- [Try it]: Look through the data below and output, unchanged, every line from the one holding "istock December 2022" through the one holding "Big bouquet in", inclusive. Skip the pictures.

::::

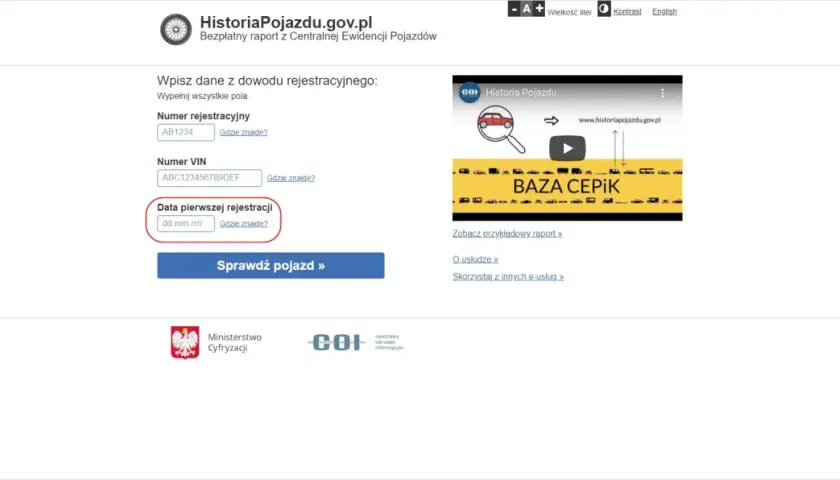 Formularz do wpisania numeru rejestracyjnego, VIN i daty pierwszej rejestracji pojazdu.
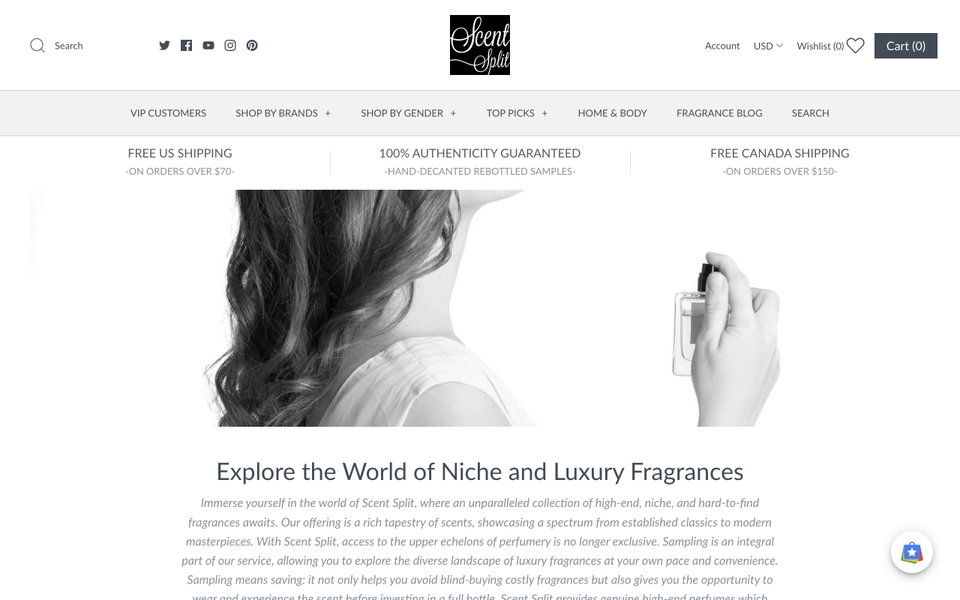 Scent Split website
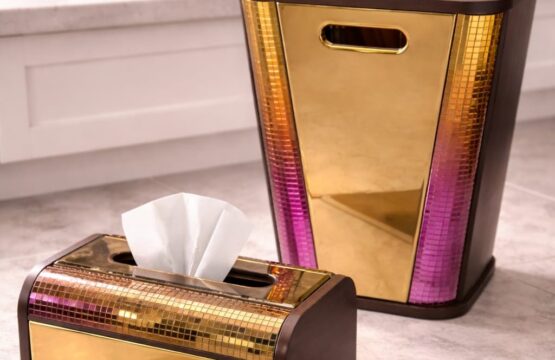 Crystal Luxe Wooden Dustbin & Tissue Box Set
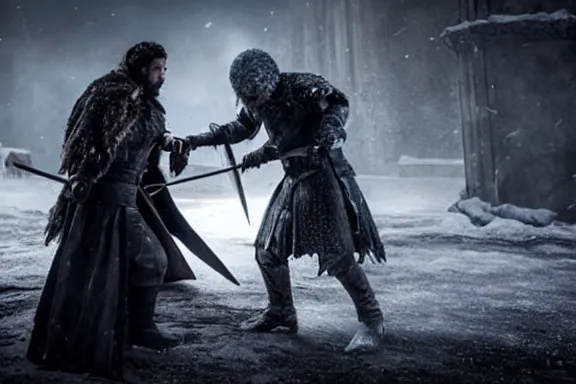 Image similar to very very intricate photorealistic photo of jon snow fighting the night king, photo is in focus with detailed atmospheric lighting, award - winning details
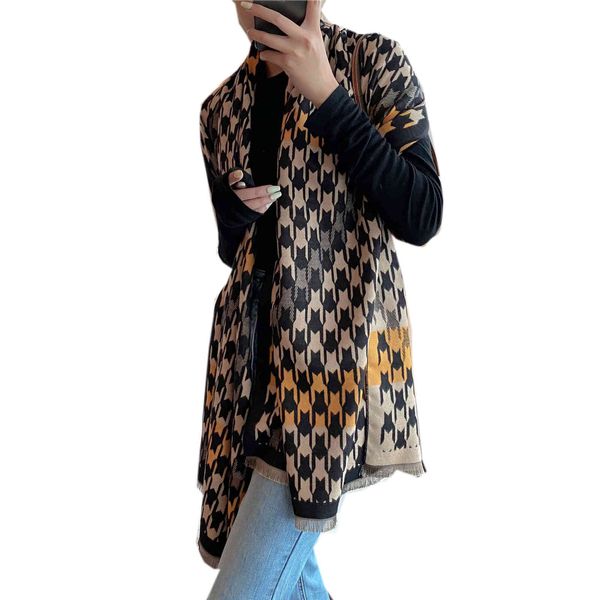 Высокое качество Женщины Мода Кашмир Длинный Толстый Теплый Главный Шарф Poncho Cape Одеял Шарф
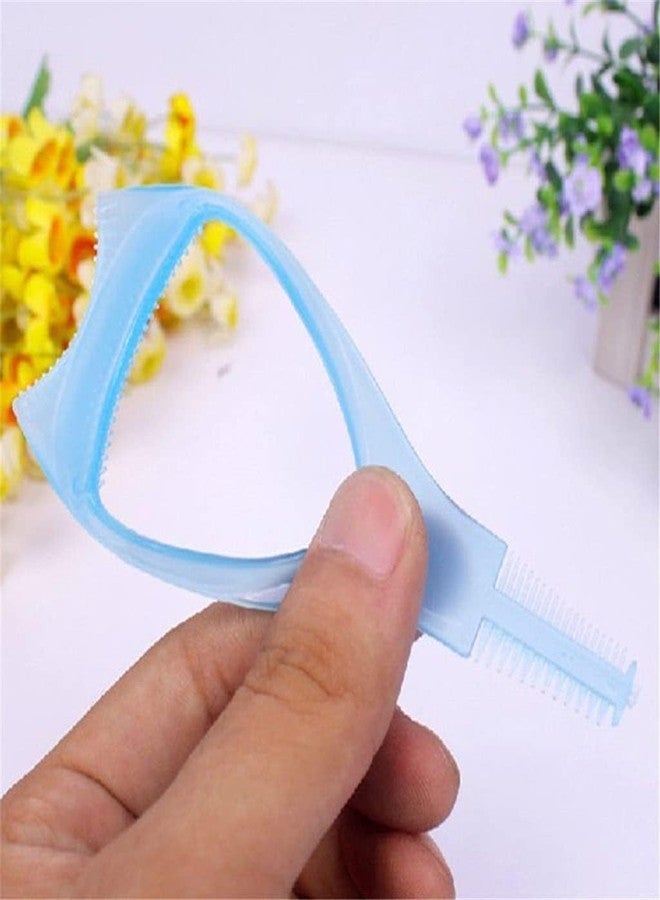 SquarezhenBo 2Pcs Pink and Blue 3in1 Mascara Shield Guard Eyelash Brush Curler Guide Applicator Comb Makeup Tool Random Color Durable and Practical Mascara Brushes Tools and Accessories - Image 3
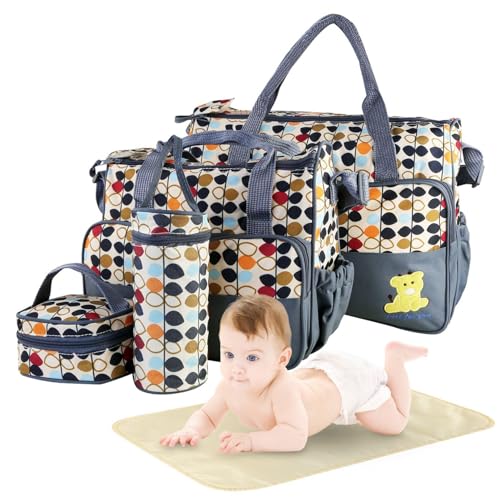 Image of TeqHome 5Pcs Diaper Bag Tote Set,Large Mommy Bag with Portable Nappy Changing Pad,Pacifier Case,Travel Baby Bags for Mom
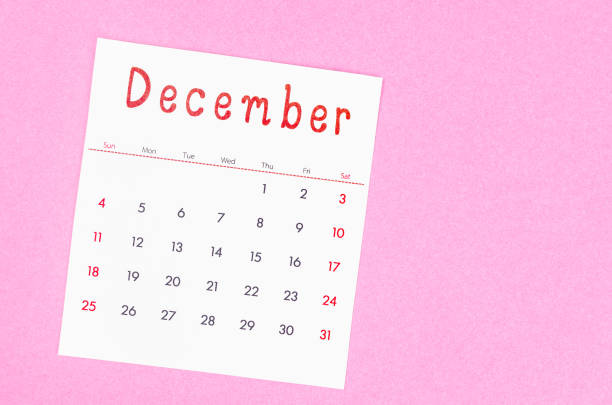 istock December 2022 calendar on pink background with empty space. 1394005562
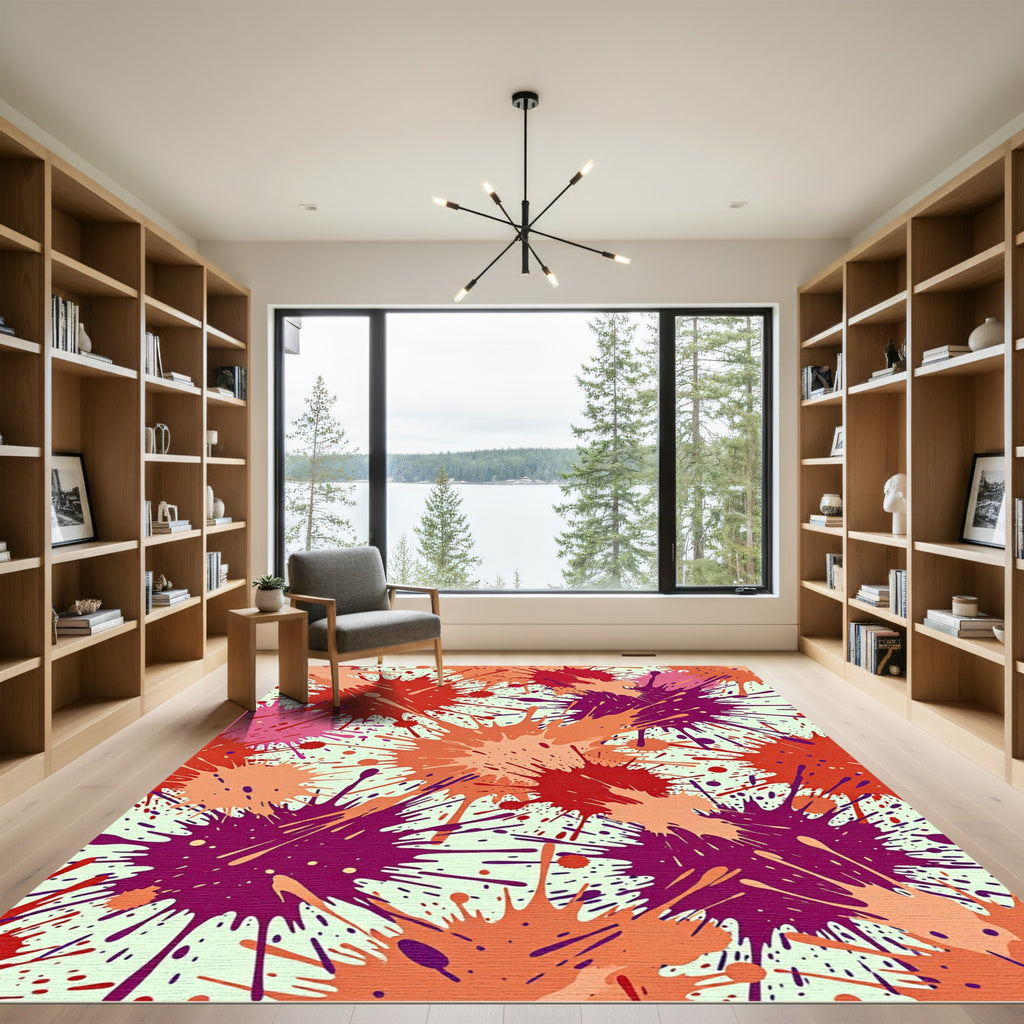 Abstract Red Orange Purple Paint Splatter Rug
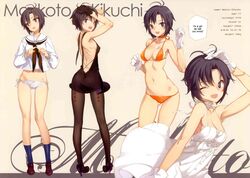 bikini breasts cameltoe character_sheet cleavage dress female female_only gloves hard_translated high_heels highres human idolmaster jpeg_artifacts makoto_kikuchi multiple_females multiple_girls ooyari_ashito panties pantyhose school_uniform translated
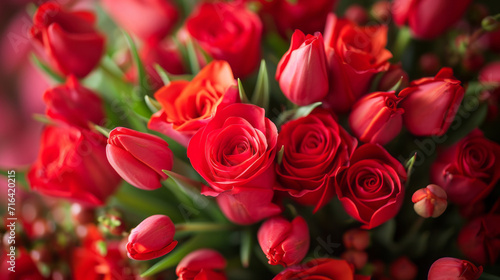 Big bouquet in red with roses and tulips for feelings of love. Romantic background for valentins day ore mothers day.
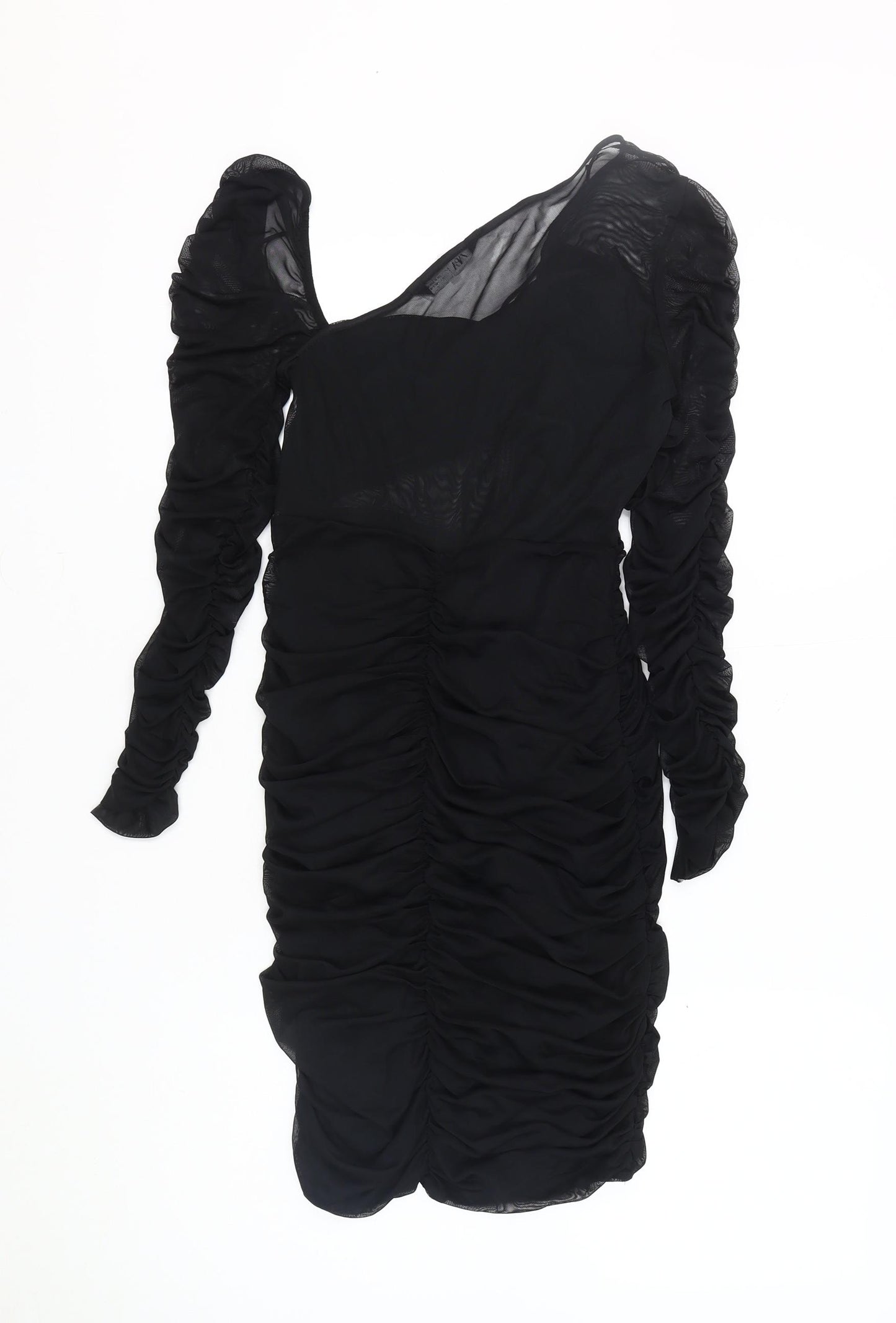 Zara Women's Long Sleeve Black Dress, Size 12, Elegant Chiffon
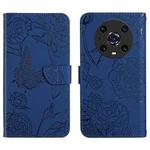 For Honor Magic4 Pro Skin Feel Butterfly Peony Embossed Leather Phone Case(Blue)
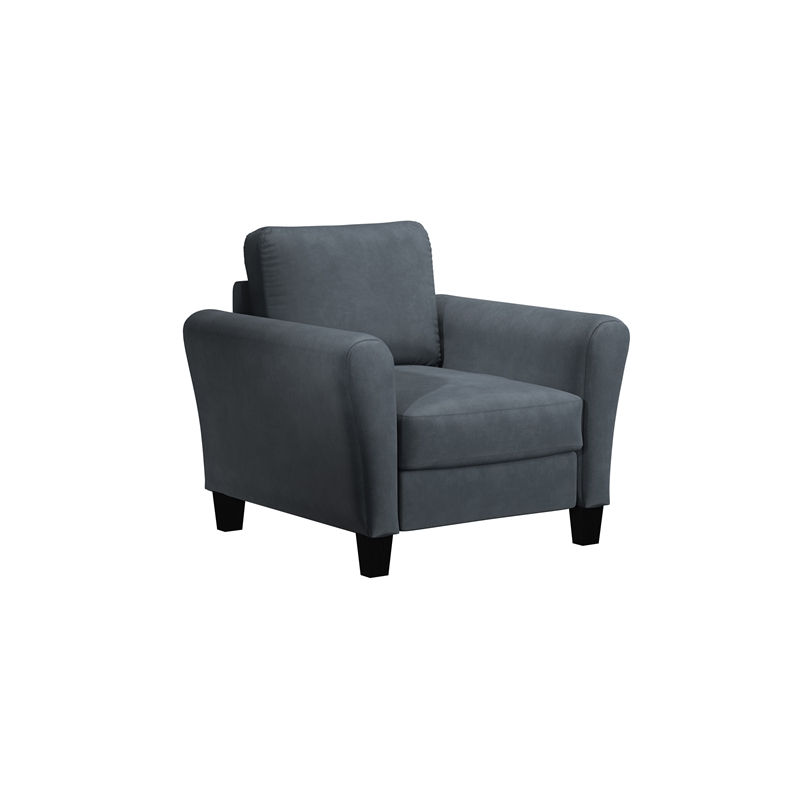 Home Square 2-Piece Set with Accent Chair and Sofa in Dark Gray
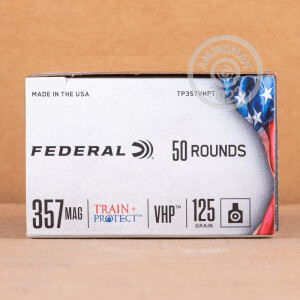 Image of the 357 MAGNUM FEDERAL TRAIN + PROTECT 125 GRAIN JHP (50 ROUNDS) available at AmmoMan.com.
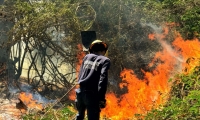 Fuertes vientos han hecho difícil sofocar las llamas.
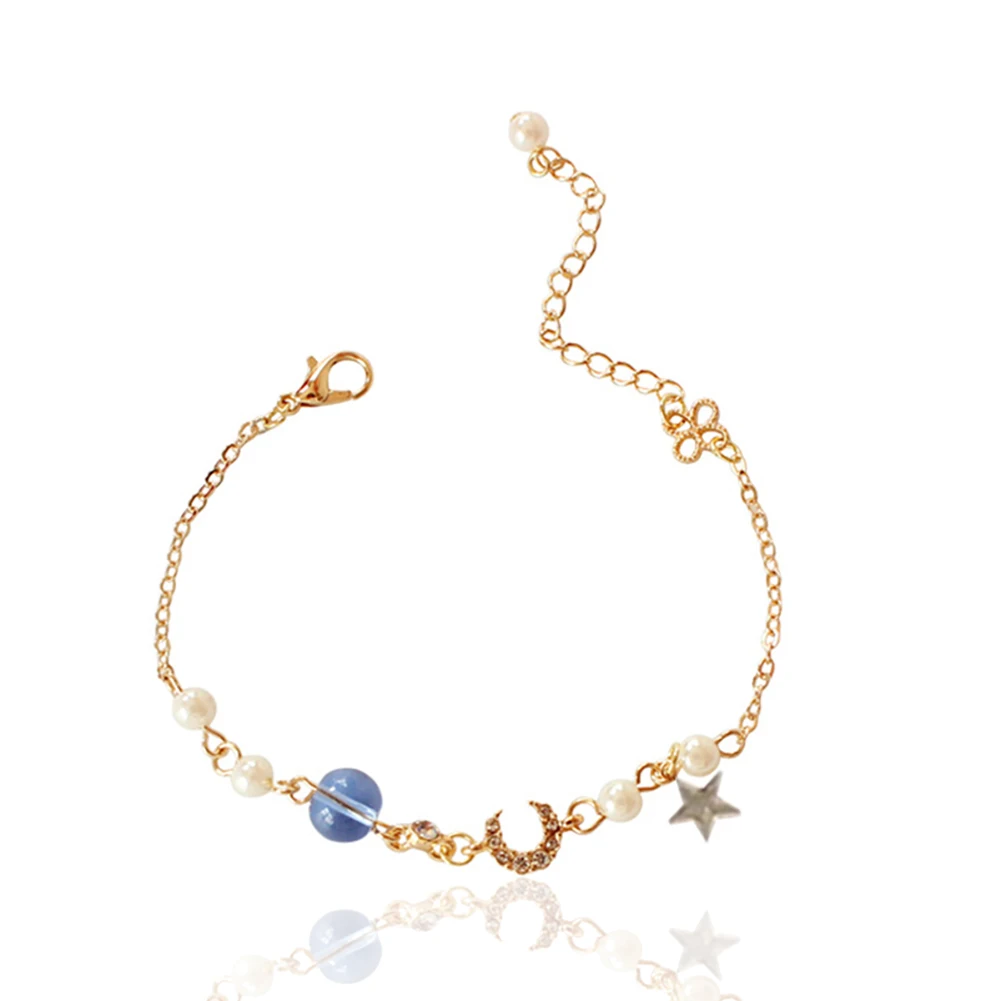 

Fashion Sweet Flower Star Moon Crystal Rhinestone Pearl Glass Bead Bangle Bracelet for Women Bestfriends on The Hand Jewelry
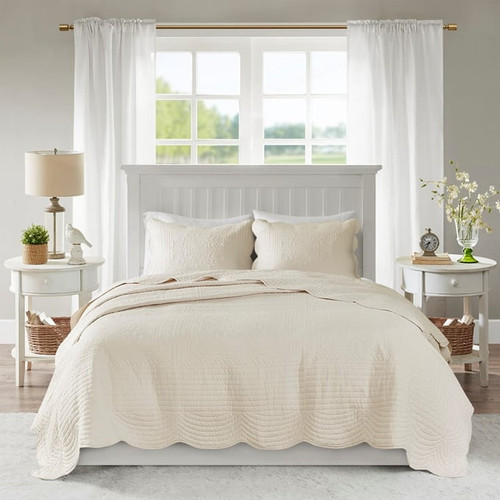 Olliix Madison Park Tuscany Cream 3pc Coverlet Sets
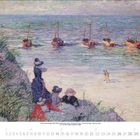 Kalender mit März 2021. Illustration zeigt Menschen am Strand, Boote im Wasser und eine grasbewachsene Düne.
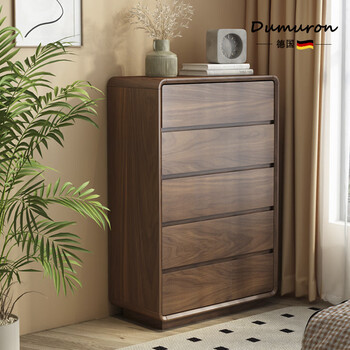 Dumulun german brand all solid wood chest of drawers bedroom living room chest of drawers storage cabinet walnut color chest of drawers all solid wood walnut color chest of drawers length 80cm-floor style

::::

- [Output for this exercise]:
 istock December 2022 calendar on pink background with empty space. 1394005562
 Abstract Red Orange Purple Paint Splatter Rug
 bikini breasts cameltoe character_sheet cleavage dress female female_only gloves hard_translated high_heels highres human idolmaster jpeg_artifacts makoto_kikuchi multiple_females multiple_girls ooyari_ashito panties pantyhose school_uniform translated
 Big bouquet in red with roses and tulips for feelings of love. Romantic background for valentins day ore mothers day.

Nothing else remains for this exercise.